The maximum resistance exercise should be done at the beginning of the main body (in a state of optimum performance). Such classes are held 2-3 times a week.
A technique for developing maximum strength through the use of isometric exercises and exercises with self-support
In some literary sources, this path is called the isometric stress method. Isometric exercises and self-support in order to develop maximum strength are performed with a tension of 70-100% of the maximum weight (at the initial stage - 70-80%).
The optimum duration of a single voltage is 4 s. It is clear that the higher the tension and the low level of training, the shorter it should be, and vice versa. In the first half of the tension (2-4 s), the effort should gradually increase to the planned one, and then keep at this level until the end of the exercise.
The breathing technique consists of incomplete inhalation before the start of tension, holding the breath and exhaling slowly in the final part of the exercise.
In one approach, 4-6 tensions are performed, with intervals of passive rest of 1-2 minutes, at which the muscles are relaxed as much as possible. In a series, 2-3 approaches are done after 4-6 minutes of combined or active rest.
The total volume of isometric tensions in a training session can be up to 15 minutes. During the week, isometric exercises can be used in 3-4 sessions.
A greater effect in the development of maximum strength can be achieved if exercises of an isometric and dynamic nature are combined in the training process.
Concluding the consideration of the methodology for the development of absolute strength, we note that specific strength training classes can be built according to two schemes.
The first consists in performing an exercise for a full muscle group in full (the number of series of approaches, repetitions) and only after completing this exercise they switch to another. This scheme is typical for performing exercises of general impact (more than two-thirds of skeletal muscles).
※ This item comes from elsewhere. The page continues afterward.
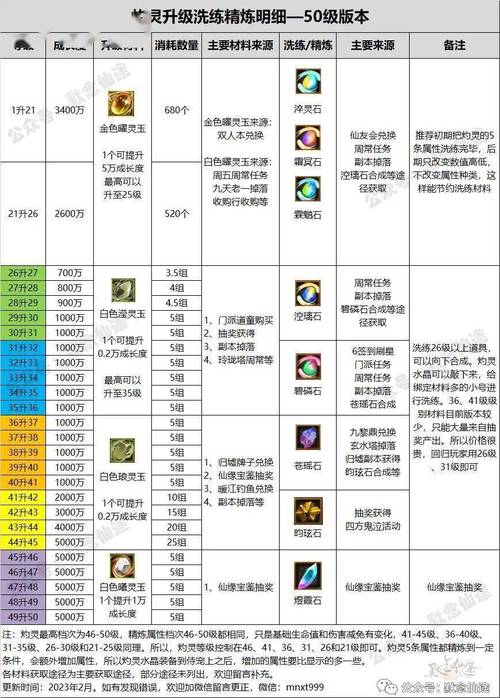 我想说寻仙手游里面我练得掌电,伤害好低啊?到底是什么情况?简直就是...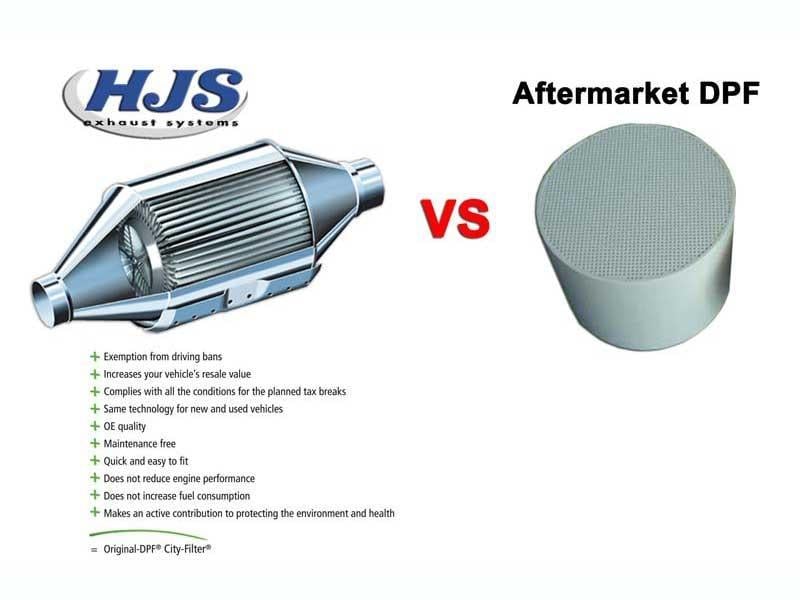 What the Catalytic Converter Does  : Boosting Performance and Protecting the Environment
The second option involves the combined performance of several exercises that involve different muscles or muscle groups to work. For example, a bench press while lying on your back; squats with a barbell on the shoulders; raising the body from a prone position; pull-up in the hang. These exercises are performed alternately according to the training task scheme. This saves up to 40% of the time, since there is a switch from one muscle group to another, and the rest pauses between sets can be significantly reduced.
At the initial stages of strength training, it is advisable to use exercises aimed at the predominant development of muscle mass and the improvement of intermuscular coordination. Only by well strengthening the musculoskeletal system and autonomic systems and improving the coordination of movements, it is possible to gradually include exercises with extreme weights in the strength training program.